Georgia Power pushed back the projected completion date of new nuclear reactors at Plant Vogtle four times since the spring. That still isn’t likely to be enough, monitors and staff for the state said in new filings this week.
Some work may slip into 2024, they warned, citing continued concerns about quality issues and productivity problems. They also cautioned that total costs for both Georgia Power and its partners on the expansion project could rise another $1 billion.
Customers of Georgia Power and many other Georgia utilities are at risk of paying steeper rates as a result of Vogtle work that is already billions of dollars higher than first budgeted.
The first of two new reactors will likely not go online until at least November of next year, but possibly not until February of 2023, according to Wednesday filings by Georgia Public Service Commission staff and independent monitors hired to watchdog the project for the state.

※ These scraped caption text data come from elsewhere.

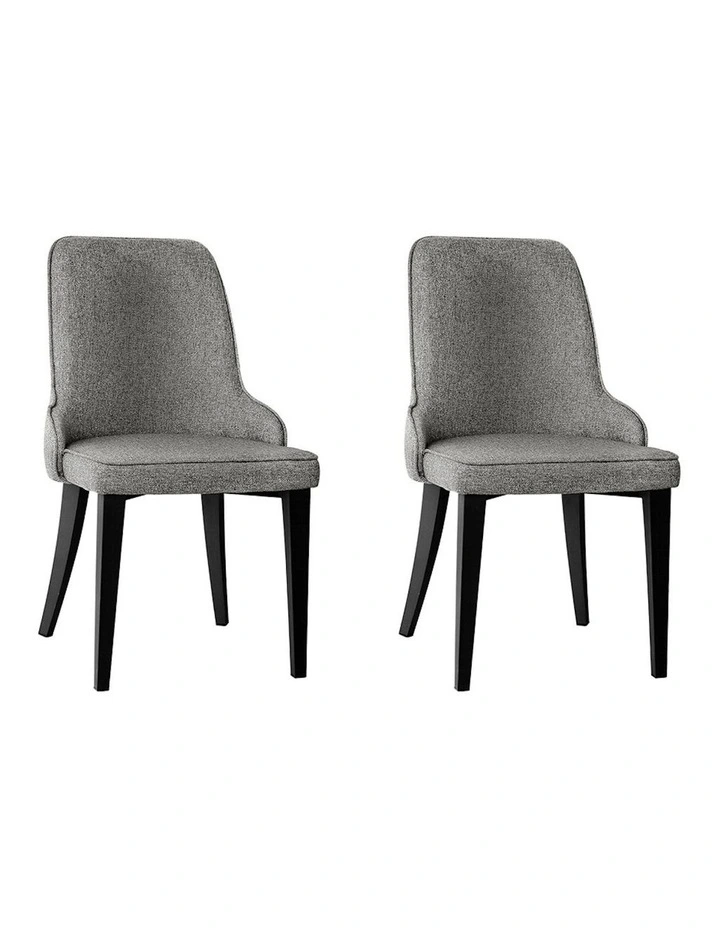 Dining Chairs Linen Fabric Set of 2 in Grey
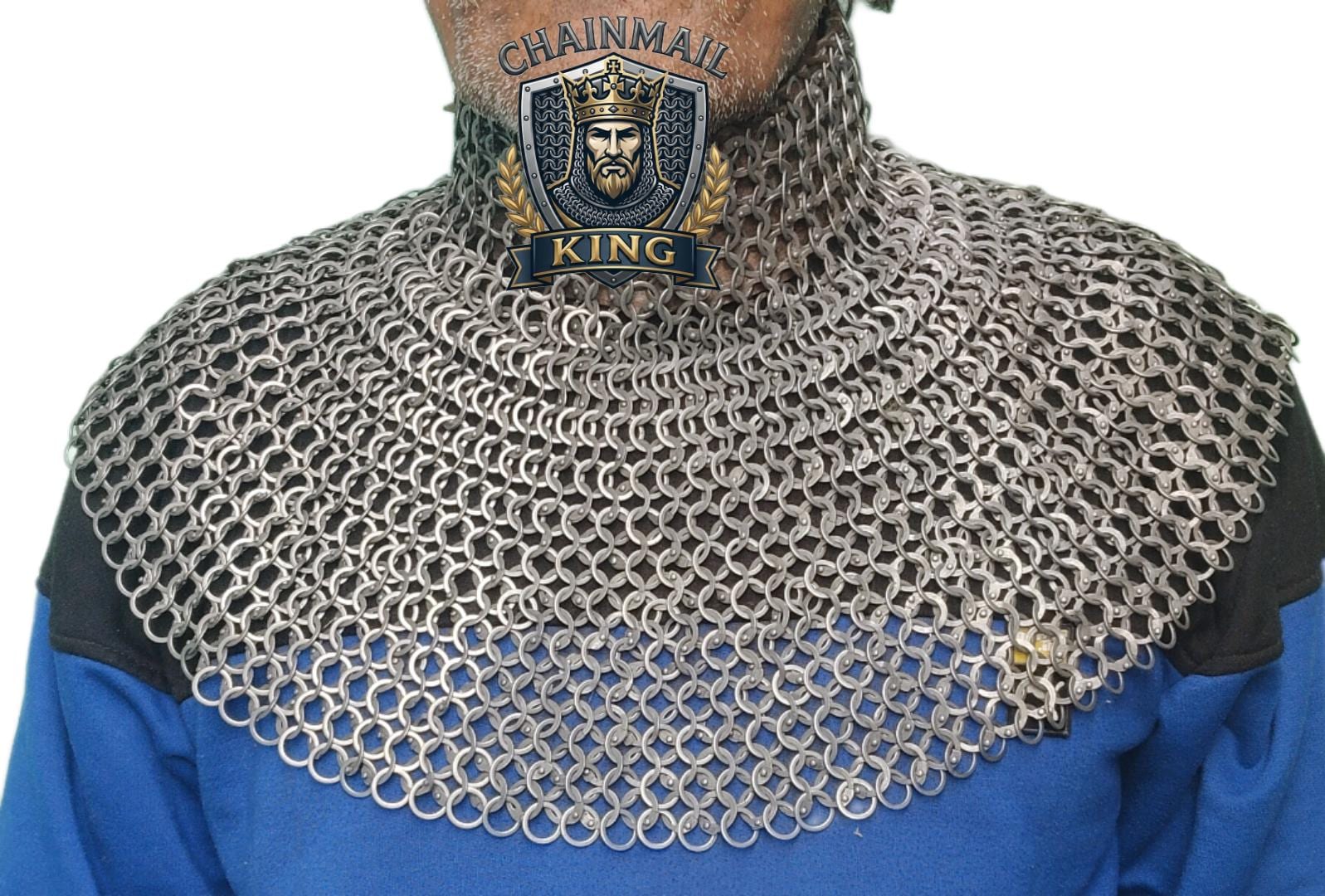 Oil Finished Riveted Chainmail Collar – Medieval Knight Gorget, LARP ...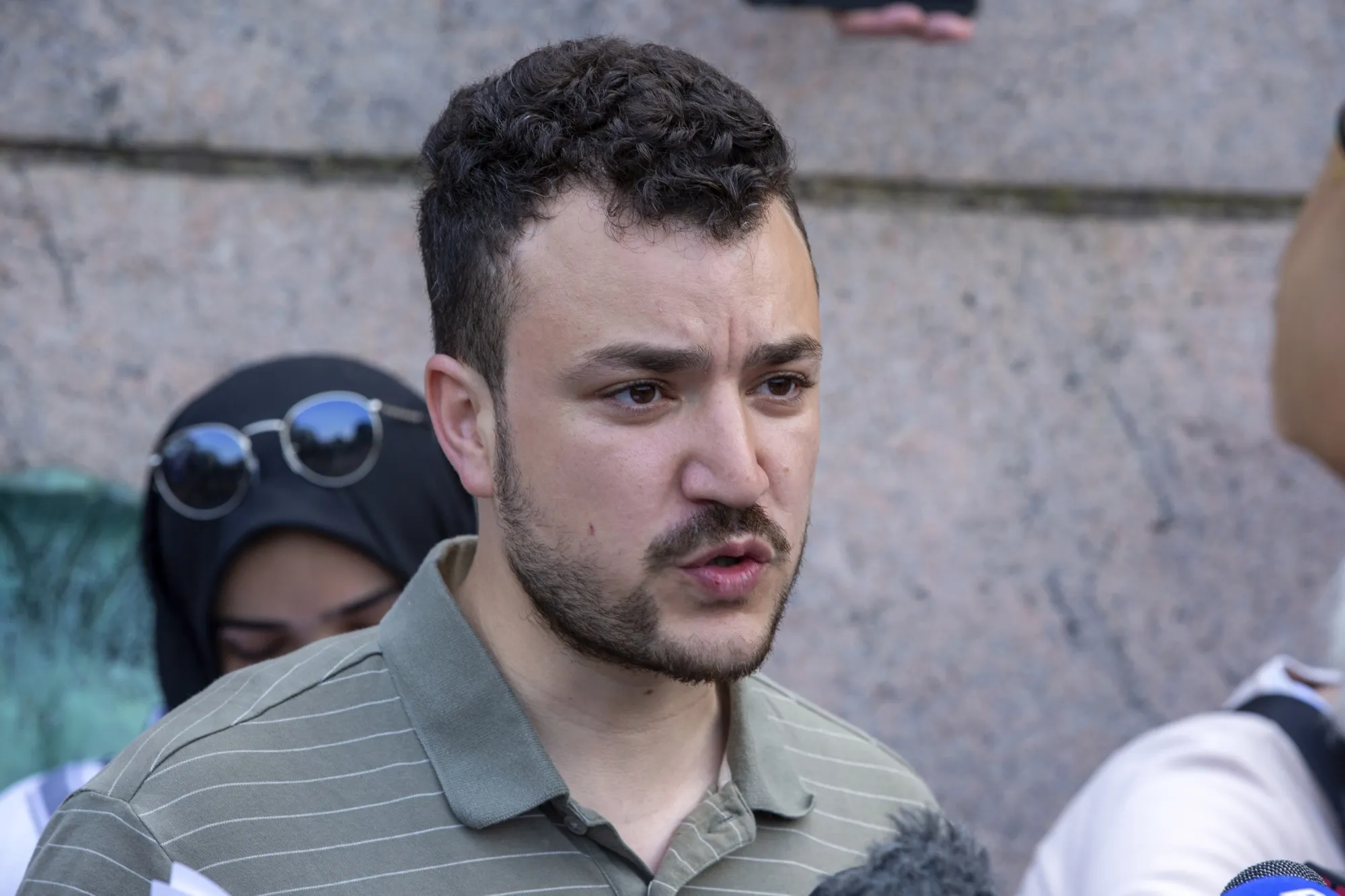 Mahmoud Khalil&nbsp;on the Columbia University campus in New York in&nbsp;2024.&nbsp;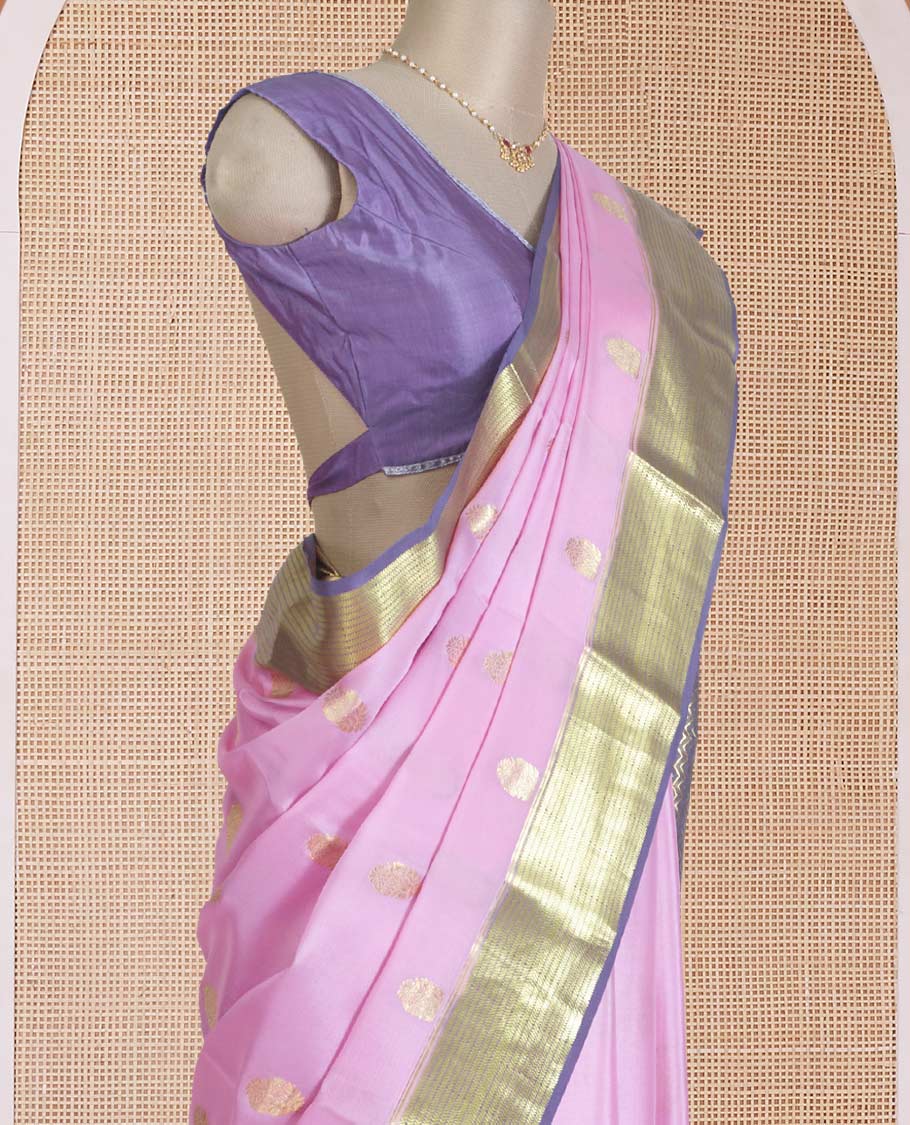 Pink zari buttas Mysore silk saree, contrast traditional zari border, and pallu of chevron designs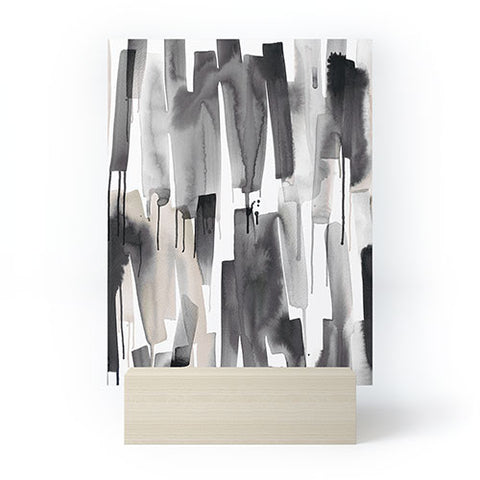 Ninola Design Watery stripes Japandi Black Mini Art Print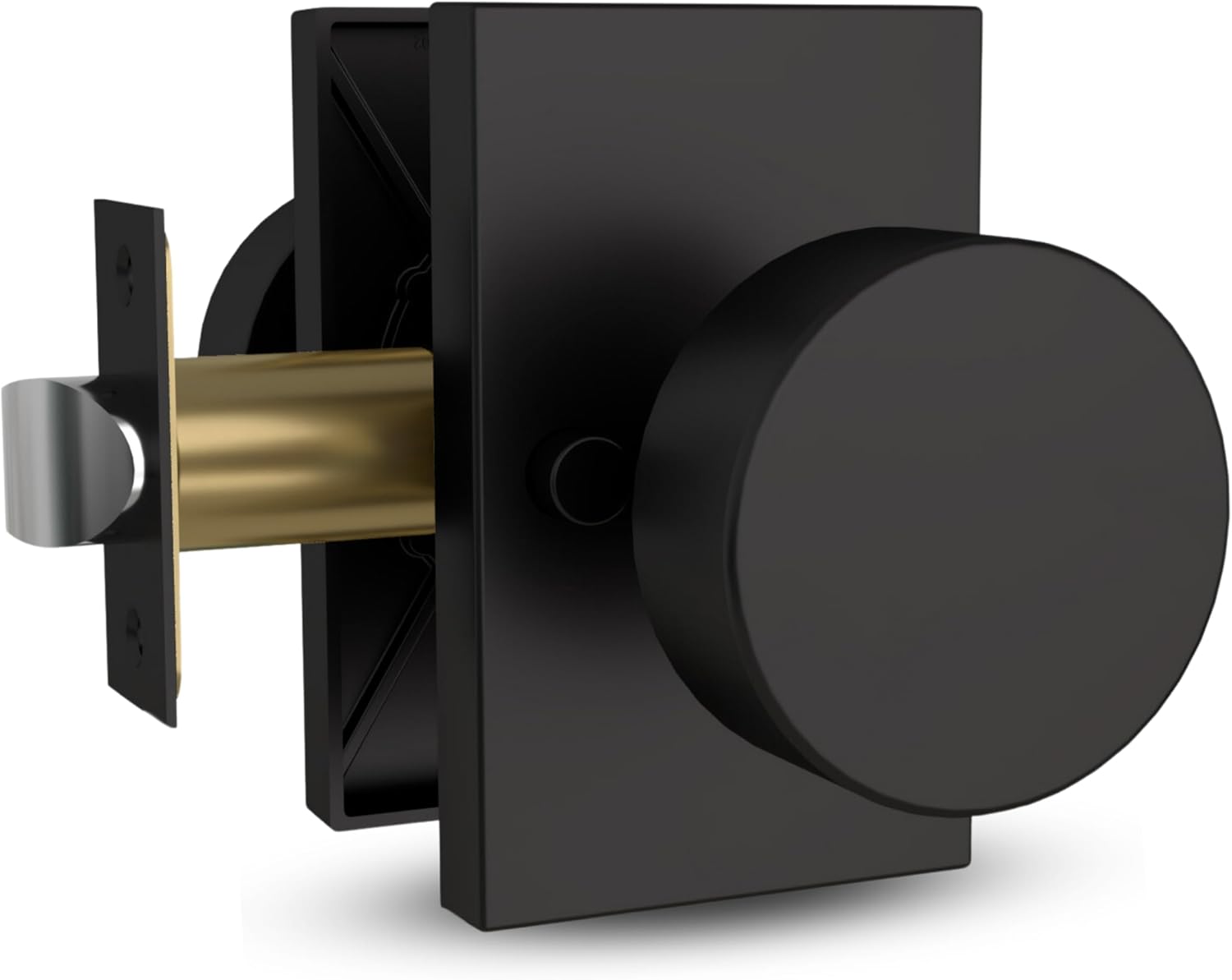 Black Matte Laura Privacy Door Knob for Hallway, Closet, Bathroom - Heavy Duty, Reversible Design - Fits Standard Doors - Screws Included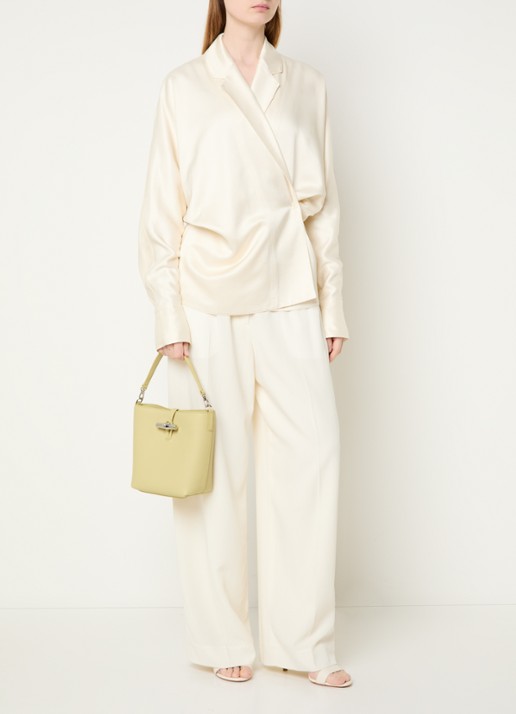 Longchamp Le Roseau handtas XS van leer met afneembare schouderriem - voorkant 4 lichtgroen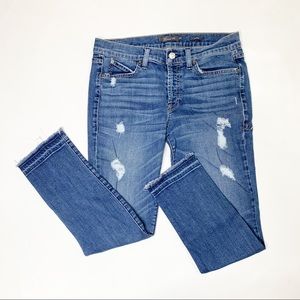 Level 99 Jeans Distressed Raw Hem Mid Rise Button Fly size 27P petite Blue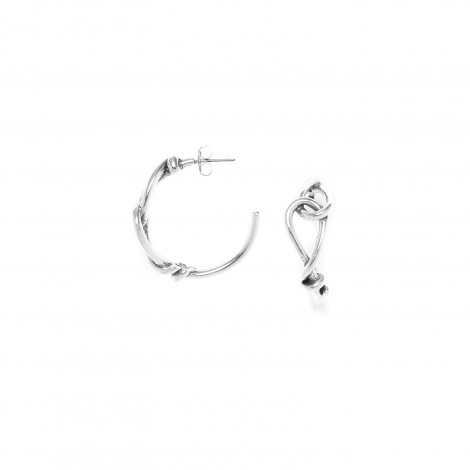 creoles earrings knot silvered "Accostage"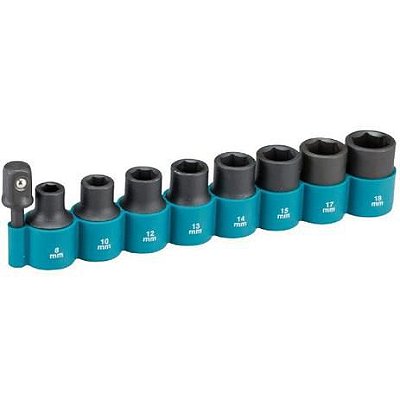 SOQUETE IMPACTO 1/2 - 8-18MM (JG) 09PCS C/ ADAPTADOR - MAKIT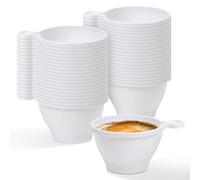 Maxi Products - 100 Tazas de Café Reutilizable Blanca - 170 cc (6 oz) - Vasos Desechables - Perfecta para Catering, Oficinas y Eventos - Ideal para Hostelería - EXTRA RESISTENTE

The second reactor will likely not be in operation until a year after that, potentially pushing into February of 2024, according to written testimony by Don Grace, who is the vice president of engineering for the monitoring group.
And Grace said even those estimates could be off if major new issues arise, such as from increased oversight begun by the U.S. Nuclear Regulatory Commission after quality and oversight problems were found at the site south of Augusta earlier this year.
Others on the monitoring team agreed with Grace’s overall assessments.
Their projections are for as much as five months of delays beyond Georgia Power’s latest timetable, announced in late October after a string of earlier updates. Until earlier this year the company had been predicting the first new reactor would be producing electricity for Georgians no later than last month.
When Georgia Power launched the project, it had said the first reactor would be in place by the spring of 2016, followed by the final reactor a year later.
The total capital costs for Georgia Power and its partners have risen to $19.5 billion, but Grace predicted the costs could go up another billion dollars. Not included in that estimate: billions of dollars in financing costs that have been or will be picked up by customers of electric utilities.
PSC staff and monitors have for years predicted rising costs and delays, even as Georgia Power repeatedly waved off such warnings only to later revise its own estimates.
Grace said the latest expectations for more delays and higher costs are “largely attributable to the more recently discovered construction quality issues.”
And “there are many performance issues that need improvement” on work on the second new reactor.